Cr + 2Mo: 2.00 to 8.00%, preferably 2.00 to 6.00%
Cr + 2Mo needs to be at least 2.00% to improve wear resistance. However, if there is too much Cr + 2Mo, the workability deteriorates. Therefore, Cr + 2Mo is 2.00 to 8.00%, preferably 2.00 to 6.00%.

√ (major axis × minor axis): 2 μm or more of carbide is 2% or less in area ratio √ (major axis × minor axis) of carbide having 2 μm or more lowers pitting resistance. Below 2%, the decrease is in an acceptable range. Therefore, √ (major axis × minor axis): Carbide of 2 μm or more is 2% or less in terms of area ratio.

C: 0.15 to 0.60%, preferably 0.20 to 0.45%
C is an element necessary for ensuring the hardness of the core of the high surface pressure component. For that purpose, C is required to be 0.15% or more. However, when there is too much C, workability will deteriorate. Therefore, C is 0.15 to 0.60%, preferably 0.20 to 0.45%.

Si: 0.01 to 2.00%, preferably 0.30 to 1.00%
Si is an element necessary for deoxidation, and is also an element effective for improving temper softening resistance. For that purpose, Si needs to be 0.01% or more. However, when there is too much Si, the effect of the temper softening resistance is saturated, and further, the hardness is increased and the workability is deteriorated. Therefore, Si is 0.01 to 2.00%, preferably 0.30 to 1.00%.
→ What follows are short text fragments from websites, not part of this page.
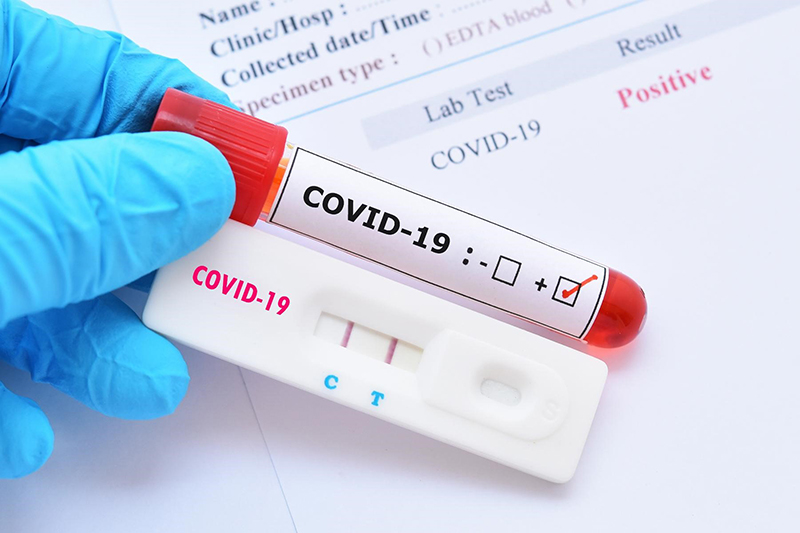 Danh sách các đơn vị đã được Bộ Y tế cho phép thực hiện xét nghiệm khẳng định COVID-19 (cập nhật đến ngày 22/02/2022)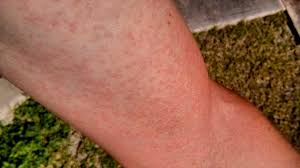 Most people infected with west nile virus either don't develop signs or symptoms or have only minor ones, such as a fever and mild headache. Rashes With Viruses Symptoms Causes Pictures And Treatment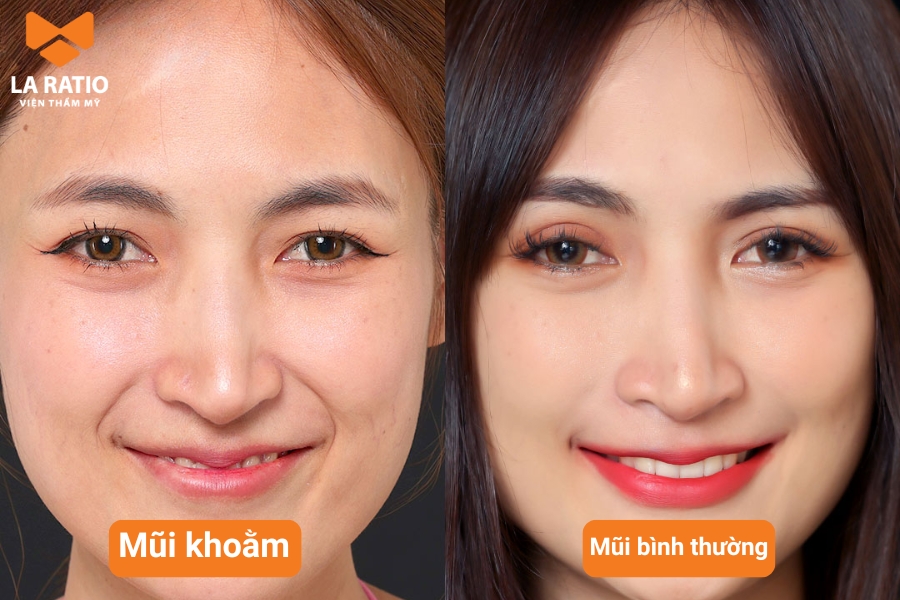 Mũi khoằm có hình dáng tựa như mũi của con chim ưng với phần đầu mũi chúc xuống và quặp vào miệng Mũi khoằm có hình dáng tựa như mũi của con chim ưng với phần đầu mũi chúc xuống và quặp vào miệng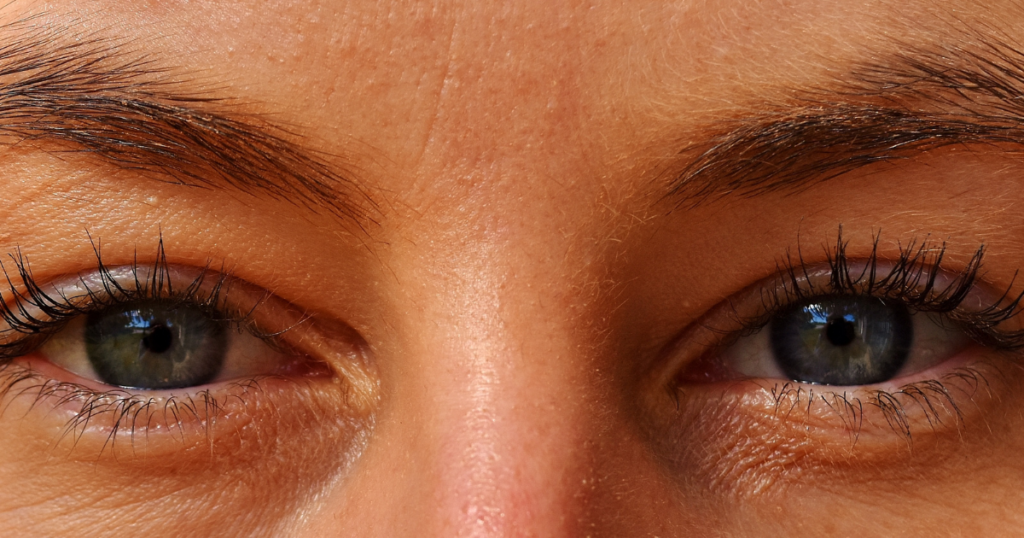 Close-up of a woman’s irritated, red eyes.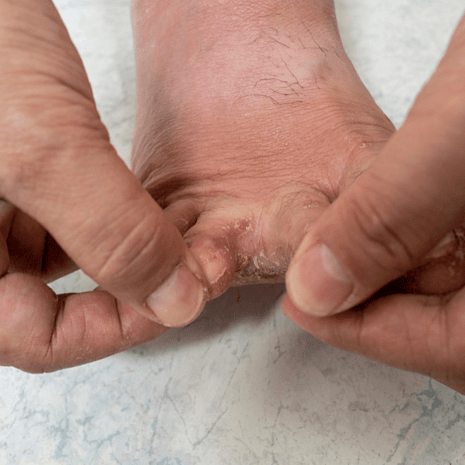 Foot Foundation podiatry care for athlete&rsquo;s foot with antifungal treatment, footwear advice, and hygiene strategies to stop reinfection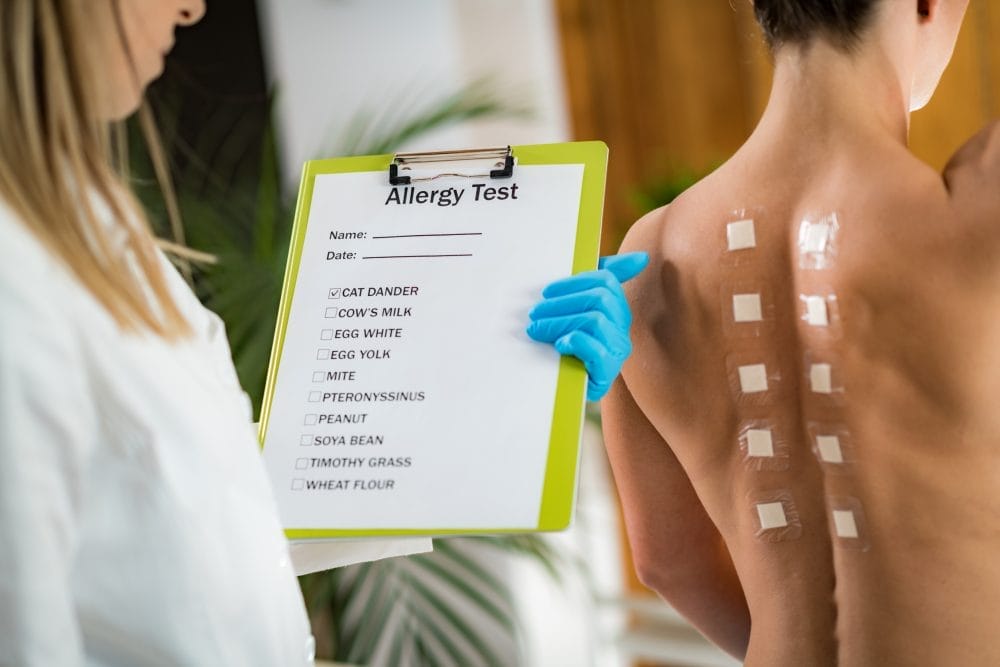 Someone getting a medical test to figure out their allergies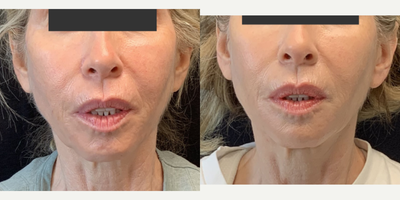 Volbella before and after photo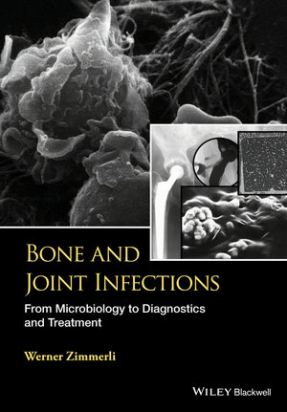 Bone and Joint Infections: From Microbiology to Diagnostics and Treatment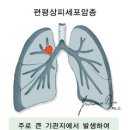 폐암 lung cancer 이미지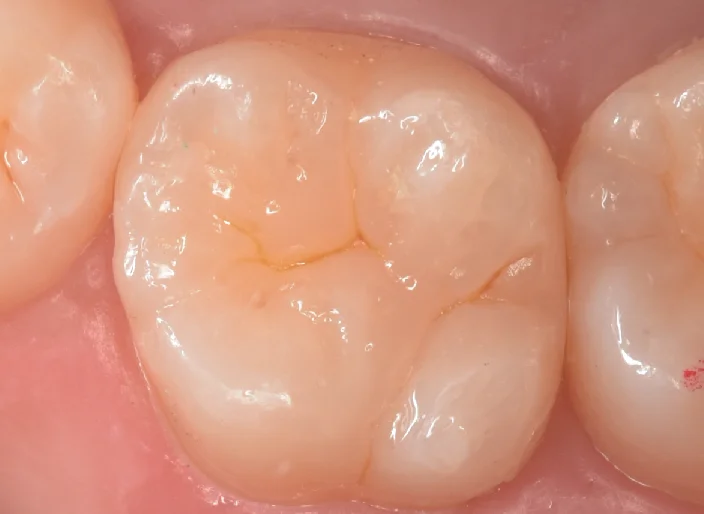 浦安からお越しの方。|坂寄歯科医院(取手市藤代) - 画像7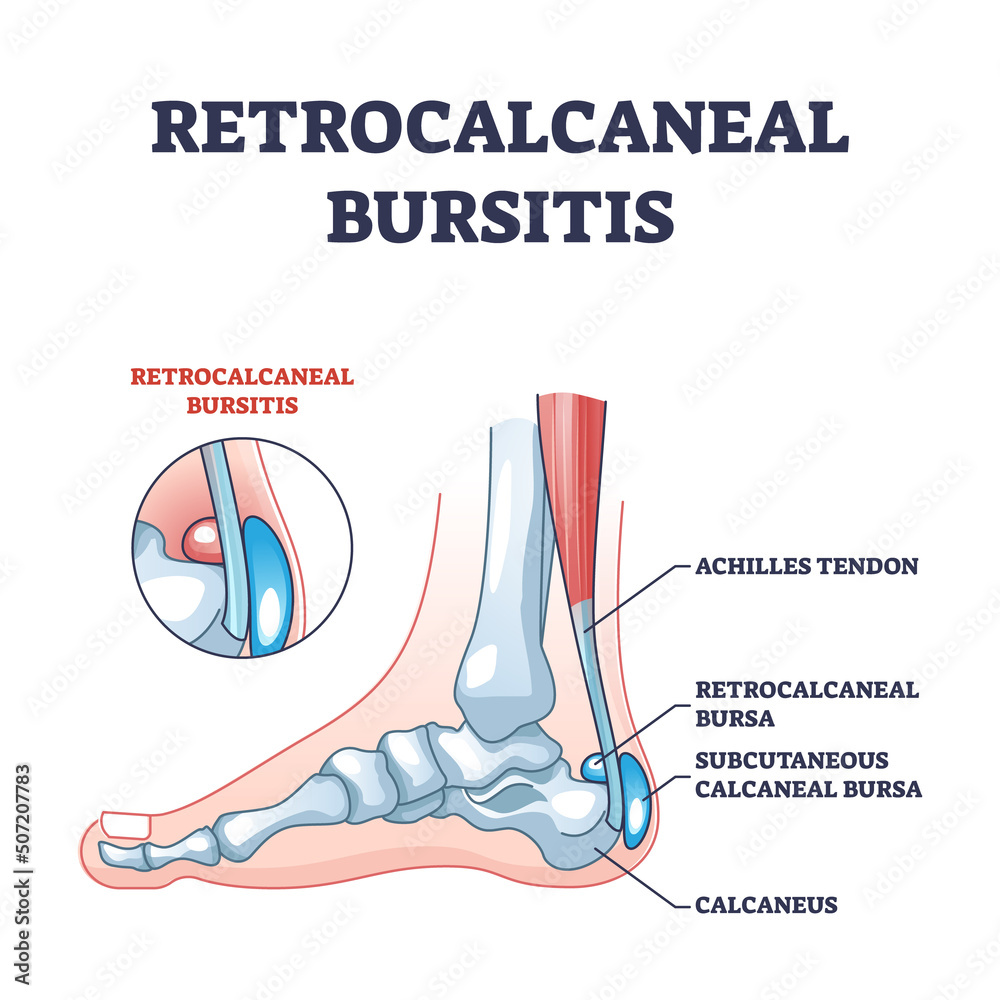 Poster Retrocalcaneal bursitis as ankle achilles tendon bursa outline diagram. Labeled educational medical condition with ligament or achilles tendon retrocalcaneal or subcutaneous pain vector illustration.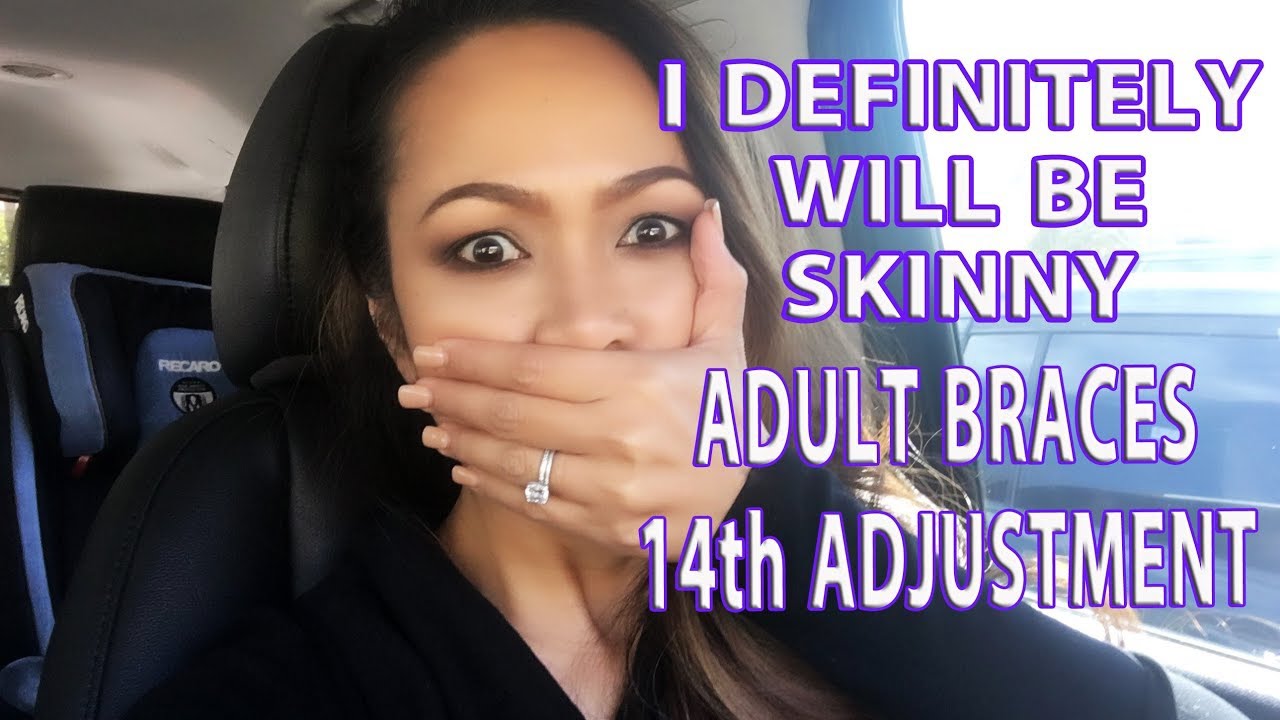 LIFE VLOG: ADULT BRACES 14th ADJUSTMENT | HOW CAN I EAT NOW?! | ARREM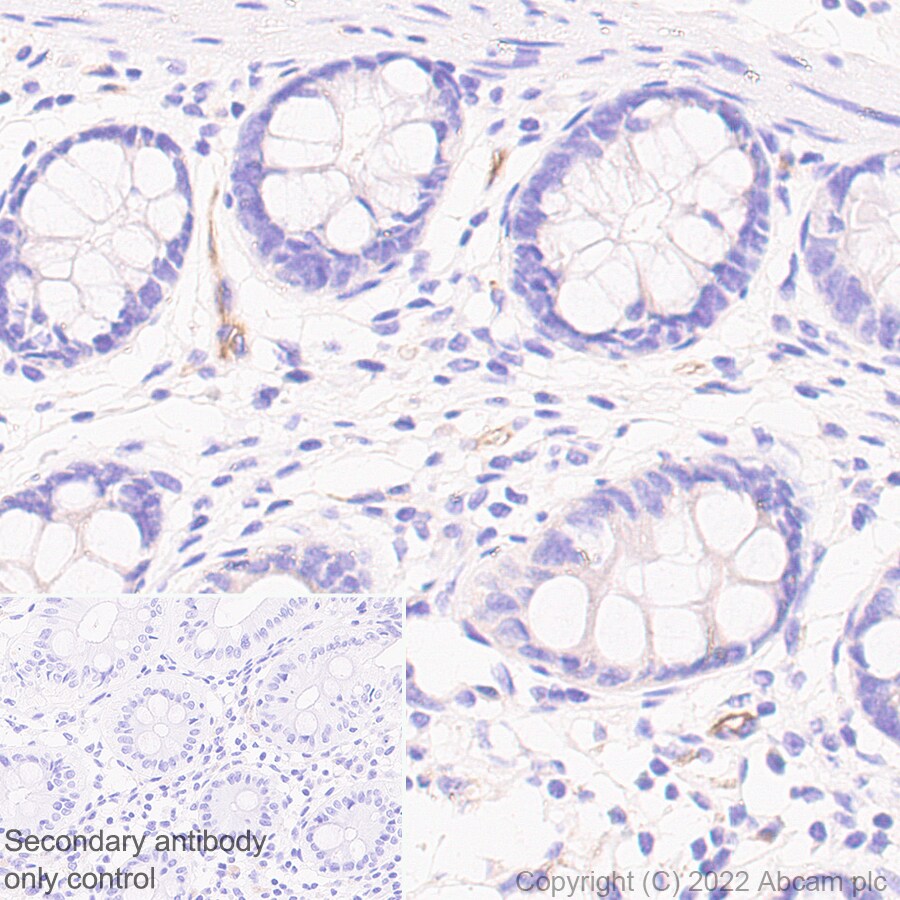 Immunohistochemistry (Formalin/PFA-fixed paraffin-embedded sections) - Anti-Robo4 antibody [EPR26282-3] (BSA and Azide free) (ab300047), expandable thumbnail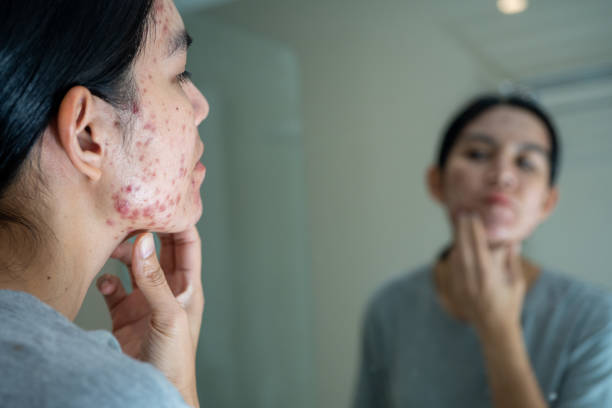 The Ordinary Niacinamide 10% + Zinc 1%: Why This $7 Serum Nearly Ruined My Skin (And How I Fixed It)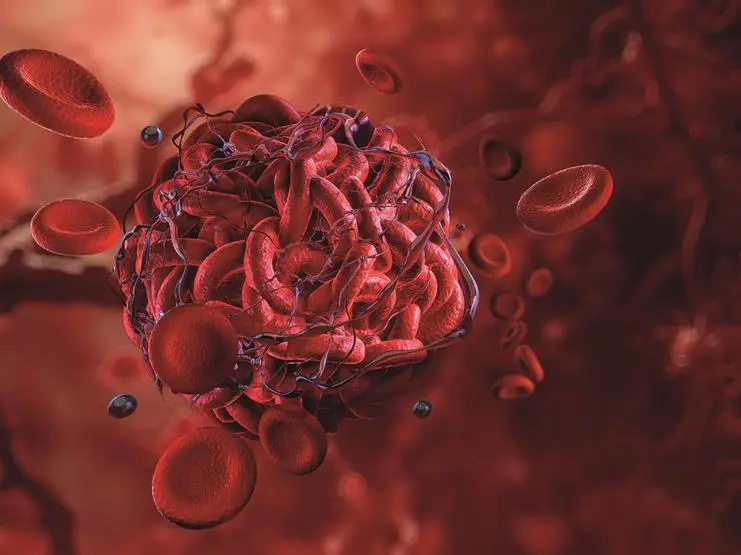 Trombosi, un paziente su tre può evitare le conseguenze, dall’infarto all’ictus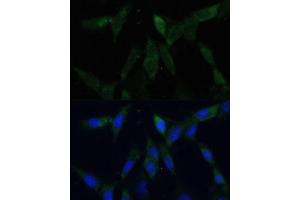 Immunofluorescence analysis of NIH-3T3 cells using ZWINT Polyclonal Antibody (ABIN6128944, ABIN6150552, ABIN6150554 and ABIN6221938) at dilution of 1:100 (40x lens). (ZWINT anticorps  (AA 1-277))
Mn: 0.01 to 2.00%, preferably 0.30 to 1.50%
Mn is an element necessary for ensuring hardenability, and for that purpose, 0.01% or more is necessary. However, when there is too much Mn, hardness will rise and workability will deteriorate. Therefore, Mn is 0.01 to 2.00%, preferably 0.30 to 1.50%.

Al: 0.003 to 0.050%
Al is an element necessary for deoxidation, and deoxidation is insufficient at 0.003% or less. However, if there is too much Al, non-metallic inclusions are generated and the fatigue strength decreases. Therefore, Al is made 0.003 to 0.050%.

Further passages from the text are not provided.